To gain self confidence, it is necessary for us to overcome social anxiety. If you want to overcome social anxiety, you have come to the right place. In this article we will explain the basics of social anxiety and provide two easy steps to overcome social anxiety without the need for any professional guidance.
Understanding Social Anxiety
A fascinating study was conducted in 2000 at Cornell University by Professor Thomas Gilovich. He took groups of students and randomly selected one individual from each group. He then told the rest of the students to show up to a particular room at a certain time to work on a quote-unquote project.
Note that all of the seats in this room were positioned in a way so that everyone was facing the door. He then took the singled out individuals, purposely stalled them a bit, and had them wear a t-shirt with a well-known person on it, such as Martin Luther King or Bob Marley. He then told that individual to go to the room knowing that they would be late and also knowing that all of the other students would look up at the door and notice who was coming in.

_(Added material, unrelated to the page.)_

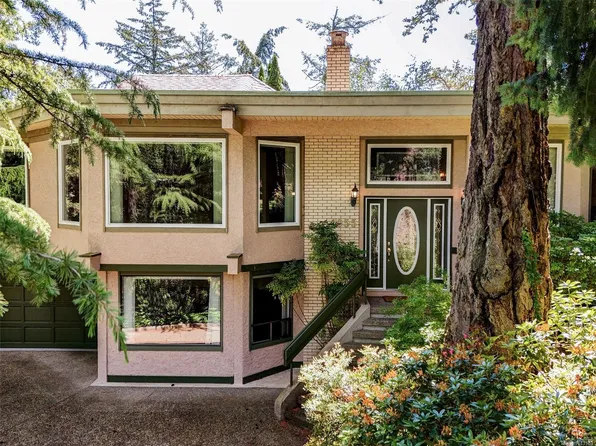 1055 Thistlewood Dr, Saanich, BC V8X 4Z7
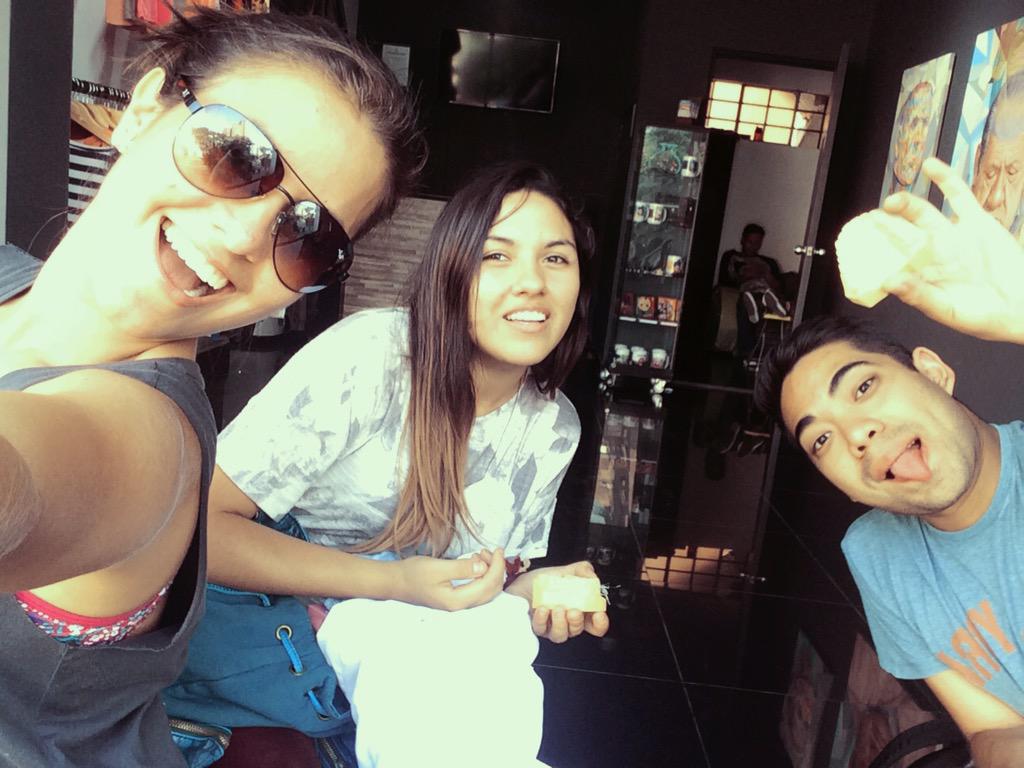 Mayraflo1's tweet photo. @Jenn_HSantillan hay personas en la vida que nacen para estar juntas y ese es nuestro caso #mismejoresamigos❤️❤️❤️😍😘 http://t.co/gmae4NipeQ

This experiment was supposed to replicate an embarrassing event the singled out individuals knew when they were the only ones who were late. They were led to believe that everyone else noticed by the fact that everyone looked up when they walked into the room. After the experiment, the researchers asked these embarrassed individuals how many of the students they think remembered the incidents vividly.

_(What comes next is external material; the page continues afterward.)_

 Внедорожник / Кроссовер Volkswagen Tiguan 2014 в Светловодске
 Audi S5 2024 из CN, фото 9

On average, these singled out individuals reported that 50% of all the other students would be able to recall the event and the shirt that they were wearing because well, they messed up, and they were sure that a large chunk of people in the room noticed. But what the researchers actually found was that only 10% of the students in that room were able to recall the event and the t-shirt five times less than what our embarrassed individuals thought.
What this experiment discovered is what’s called the spotlight effect. We humans often overestimate how much others care about our negative and also positive actions. We think that the spotlight is on us that everyone is looking at us and judging us. In reality, the large majority of people don’t care, and this is a crucial concept that you need to internalize if you are struggling with social anxiety.
The main reason why we feel anxious around others is that we feel like they’re watching us and judging us. We’re afraid to act on how we want to be ourselves because we don’t want to risk people looking down on us. We don’t want others to dislike us, but in reality, most people don’t care that much about you. It might sound like a bad thing, but it’s just human nature.
Most people are stuck in their heads and are thinking about themselves, not you. The moment you internalize this concept and genuinely start believing in it, your social anxiety levels will drop significantly. But of course, this is much easier said than done. How in the world can we get ourselves to believe in the spotlight effect honestly?
Two Easy Steps to Overcome Social Anxiety
It will help if you become more aware of your thoughts. The large majority of us are oblivious to the thousands of thoughts that we have on average every day. It is why you need to start building a mindfulness habit like meditation, where you try to clear your head and try to focus on one thing like your breathing.
When you do a mindfulness practice like this, you will become ten times more aware of how you think, and you will also start to notice that the large majority of your own thoughts are about yourself past events, future concerns, worrying about what others think that things like that. You’ll notice that less than 1% of your own thoughts will be about other people that you come across randomly throughout the day.
Once you’ve started becoming more aware of your thoughts, you can begin doing another mental exercise like the swapping shoe exercise. It is when you go to a public place and pick out a random individual, then you focus, and you try your hardest to imagine what’s going on in their head. Imagine that you’re in their shoes, living their life.
Think of what problems they are currently facing, what they are presently worrying or stressing out about, what insecure thoughts are going on in their head, and about what you think they’re thinking. Allow yourself to really imagine being in their shoes and also imagine what sort of thoughts are going on in their head.
By doing this exercise, you will start to condition yourself to believe that others spend most of their time thinking about their own problems and themselves, which is actually true. The more you do this, the more you will internalize the spotlight effect, which will allow you to start feeling less and less social anxiety.
As you begin to realize that people just aren’t paying that much attention to you, it might sound a bit sad to learn this, but in reality, you’ll feel a huge weight being lifted off of your shoulders. You will feel free.